In July of this year, I thought I'd exhausted my thoughts on atheism and religion. I intended to post mostly on Walt Whitman to find other topics of interest. I said then:
I have interests in addition to Atheism that deserve fuller and more sustained expression by me. I want to explore other aspects of this wonderful world, such as the poetry of its people, the conflicts of its nations and civilizations, and the endeavors of its animal inhabitants.
This statement remains true, even if I have not done as much about it (so far) as I might like. Indeed, recently I've been quite focused on topics in and around atheism and religion. Yet I've been generally pleased about the posts on the Kuzari Principle and on ultimate meaning.

One day, I hope to gather maybe 25-50 posts, organize them, and self -publish a book of the best and most enduring posts in Textuality.This book will be for the kids, mainly, not for sale or money. My focus today is on addressing topics that interest me but that also allow me to express ideas and opinions I haven't said before.

I have much, much more to write in this blog--about atheism, religion, family, aging, poetry, jokes, work, politics, and more. I anticipate the days and years ahead. Perhaps a post already written or yet to come will serve as pre-text for one or more face-to-face discussions with my children and/or with my wife.

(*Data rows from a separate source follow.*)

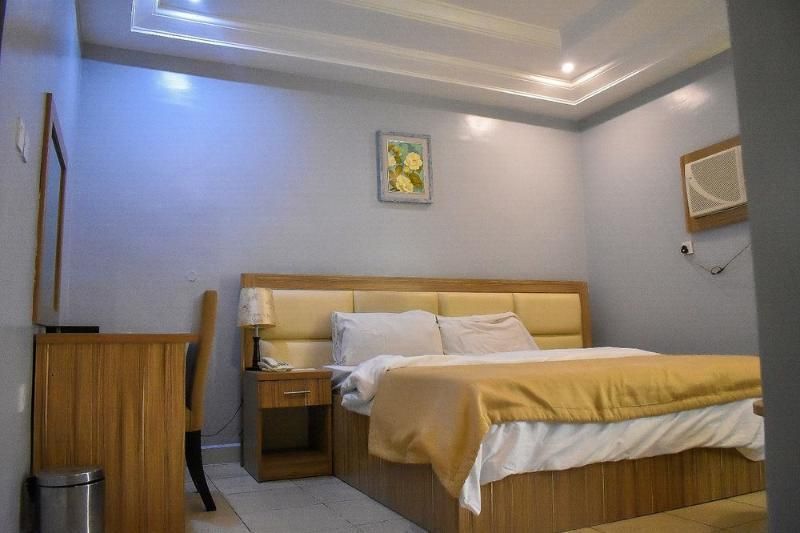 Dublina Suites Executive Room 3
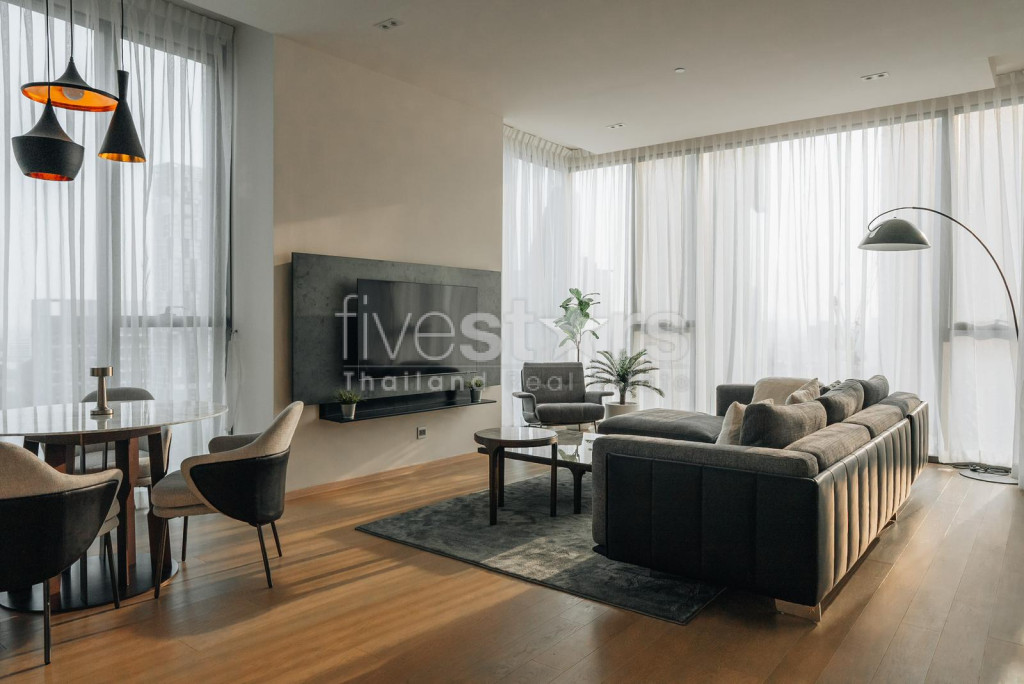 Grand appartement de standing d'une chambre à vendre à 150m du BTS Thonglor, photo 2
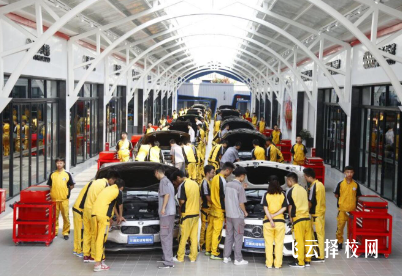 成都萬通未來高級技工學校2024熱選專業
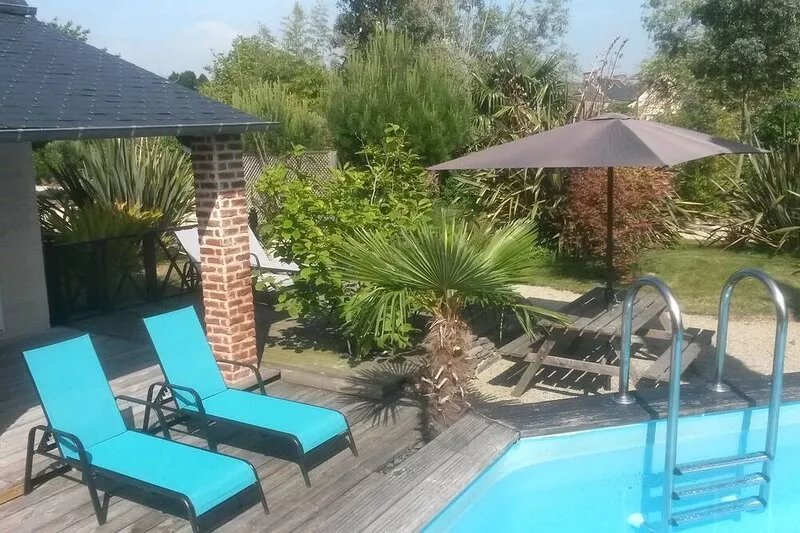 Exceptional colonial-style living space with swimming pool and free parking.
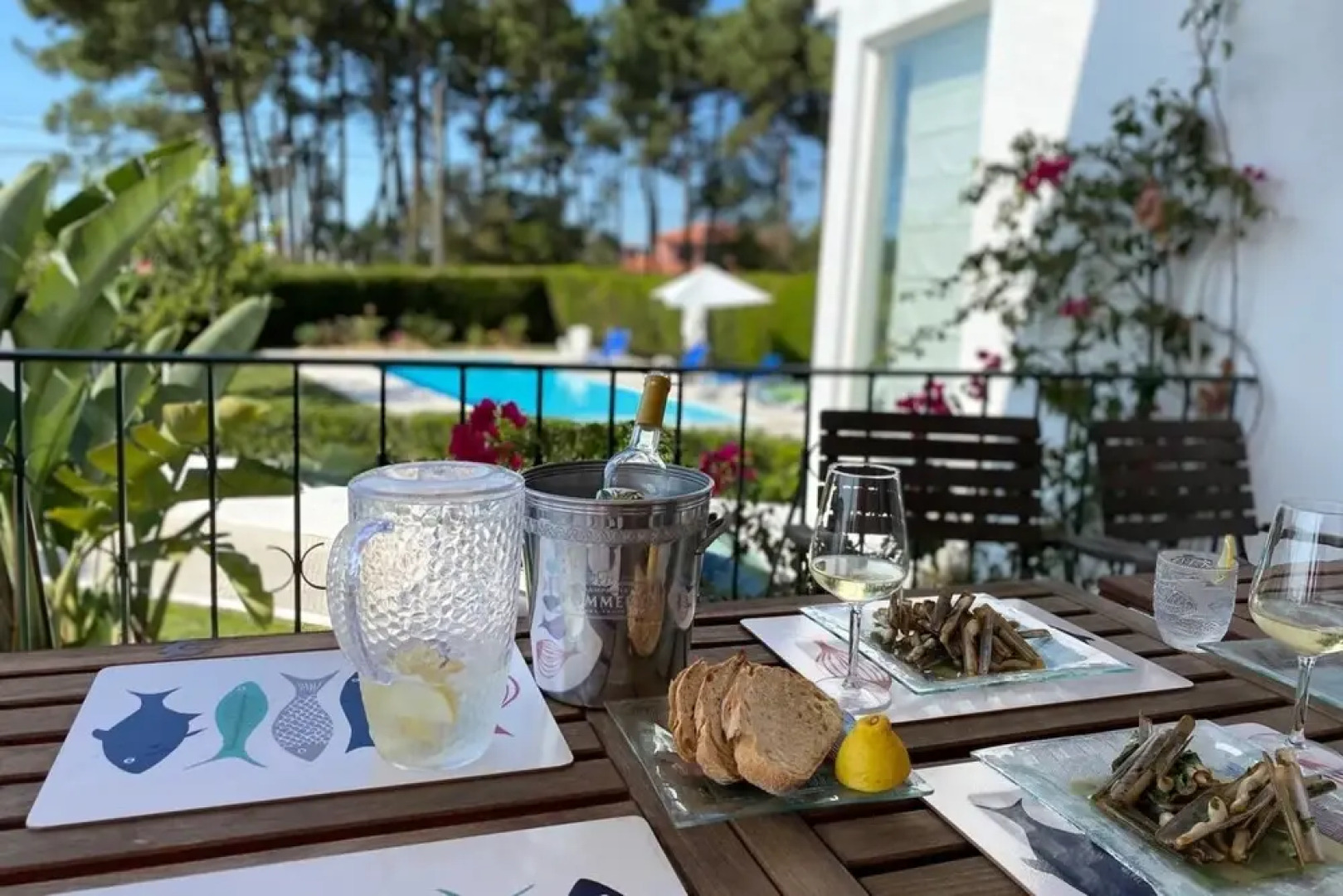 Fig Tree Family House w 4 Bedrooms, Garden & Pool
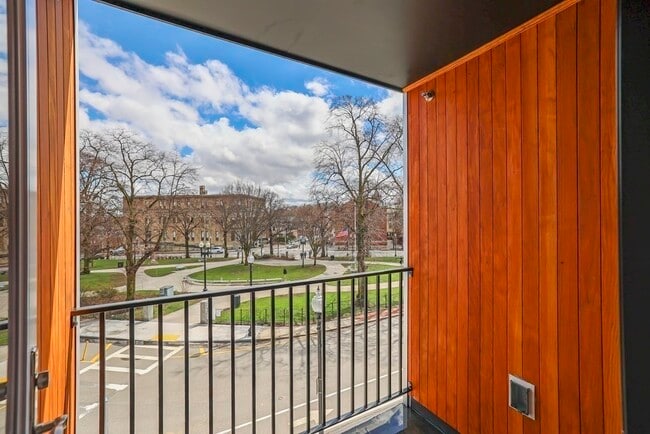 Building Photo - 734 South St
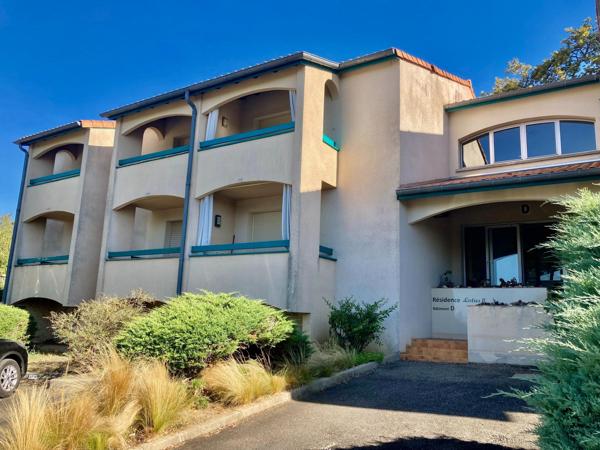APPARTEMENT T2 MEUBLE RENOVE ET CLIMATISE 27m2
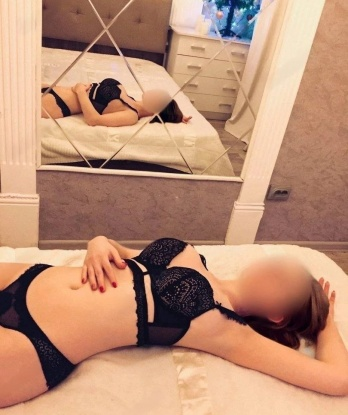У меня опытная и нежная натура, которая умеет доставлять удовольствие. Я знаю, как расслабить тебя и сделать твой день особенным. Я настоящая профессионалка в своем деле. В моих уютных апартаментах ты откроешь для себя новые грани наслаждения. Не стесняйся своих желаний - со мной все возможно 😉 В Москве можно найти много, но я - настоящая жемчужина этого города. Звони мне и я окуну тебя в мир блаженства и удовольствия. 🌟 Ларюша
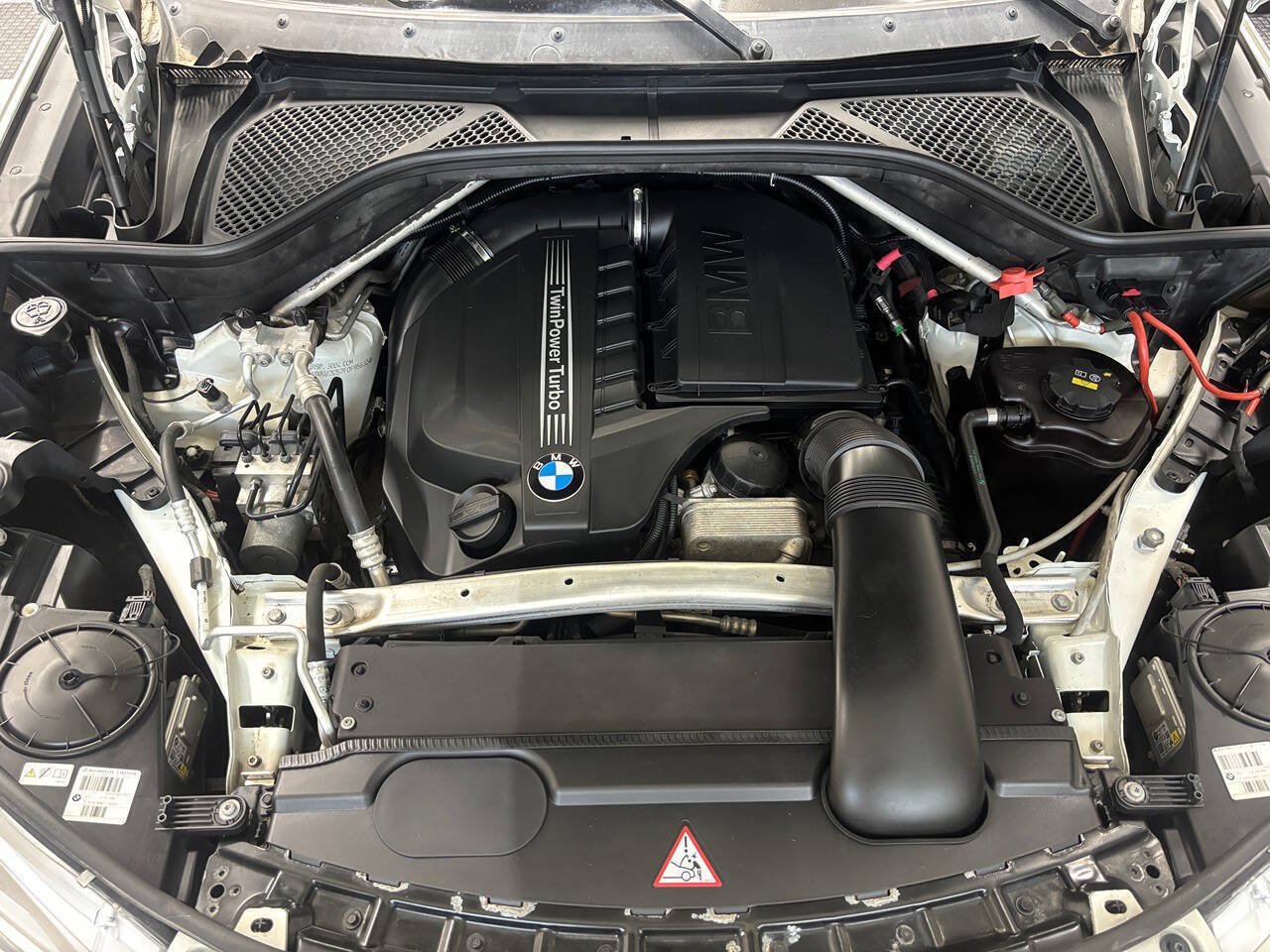 Used 2015 BMW X6 xDrive35i AWD/4WD image 30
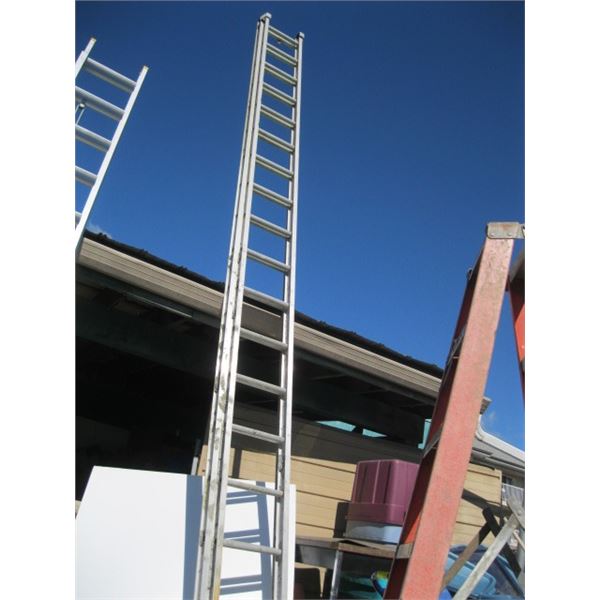 40' ALUMINUM EXTENSION LADDER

This is a core element of my thinking: anything I write should have an application in real life. My blog life as "Larry Tanner" is a reflection and premonition of the life where I am interacting with actual human beings in real space-time. I would never want a blog that was all and only "in" the blogosphere.

I expect that if I keep up with Textuality, it will continue to morph. After all, I am still growing as an intellect and as a person, and I have much to explain and share. I cannot say whether the future will be good or bad. I hope it's more of the good, but who knows? The writing is part of what I can do. Textuality is part of my pro-activity.